Avançar para o conteúdo principal

MULHER: O ASSUNTO PENDENTE DA HISTÓRIA DA HUMANIDADE | Carlos Marinho



MULHER: O ASSUNTO PENDENTE DA HISTÓRIA DA HUMANIDADE
| Carlos Marinho |

*

A experiência de menoridade social das mulheres e superioridade social dos homens percebe-se, de forma concreta, em noções de segregação e profunda desigualdade nos vários espaços de vida: violência doméstica; distribuição desigual das responsabilidades familiares (cuidados dos filhos, doentes, idosos, tarefas domésticas); salários desiguais no mundo do trabalho; ocupações e carreiras diferenciadas em função do género; trabalho não reconhecido; discriminação homofóbica contra as lésbicas; oportunidades e estímulos segregados e estereotipados nas escolhas e nas carreiras profissionais; incentivo e naturalização de novas profissões ligadas ao mercado sexual de homens e de mulheres; possibilidades desiguais na participação cívica e política; e ainda a desigualdade e discriminação nos tempos livres e de lazer. “Para as mulheres" diz Maria Teresa Horta "tem de começar a nascer o sol, à cabeceira da sua própria imagem”. É na busca da superação de uma sociedade patriarcal machista que os feminismos surgem como movimento, objetivando o empoderamento da mulher e o fim do machismo, quebrando com toda e qualquer ideia contrária à emancipação feminina e libertando-a dos diferentes grilhões que a condicionam. A consciencialização das pessoas para uma mudança positiva em relação às questões da igualdade de género, é em si um esforço de luta pela democracia, pelo exercício dos direitos humanos, e por uma cidadania plena.
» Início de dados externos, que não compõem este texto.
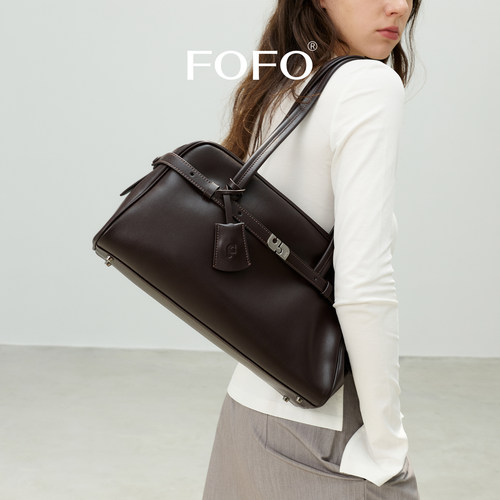 FOFO波士顿包原创小众新款牛皮单肩腋下包通勤大容量保龄球女包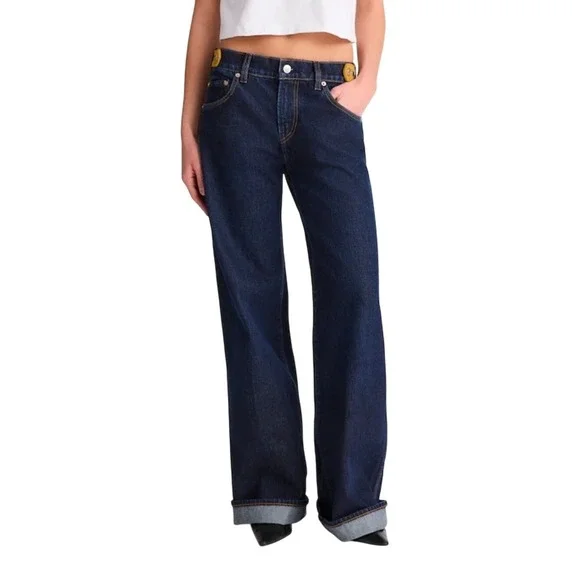Benjamin Talley Smith 27 Madewell Women Coolidge Indigo Wide Leg Low Rise Jeans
1. Contra o Patriarcado, por uma cultura Anima-friendly: 

Embora as revoluções burguesas europeias tenham conseguido, no século XIX, instituir a igualdade formal dos homens no nível das leis e da política, semelhante direito não foi estendido às mulheres. É justamente nesta altura que se registam os primeiros movimentos organizados por mulheres, reclamando a democratização dos direitos conquistados pela Revolução Francesa. Só durante as primeiras décadas do século XX, na sequência de três gerações de lutas do Movimento Sufragista, em Inglaterra e França é que o direito ao voto feminino se concretizou. Aquando da consolidação do capitalismo industrial, os sindicatos femininos começam o protesto contra a desvalorização da mão-de-obra feminina, que recebia metade da remuneração do equivalente masculino.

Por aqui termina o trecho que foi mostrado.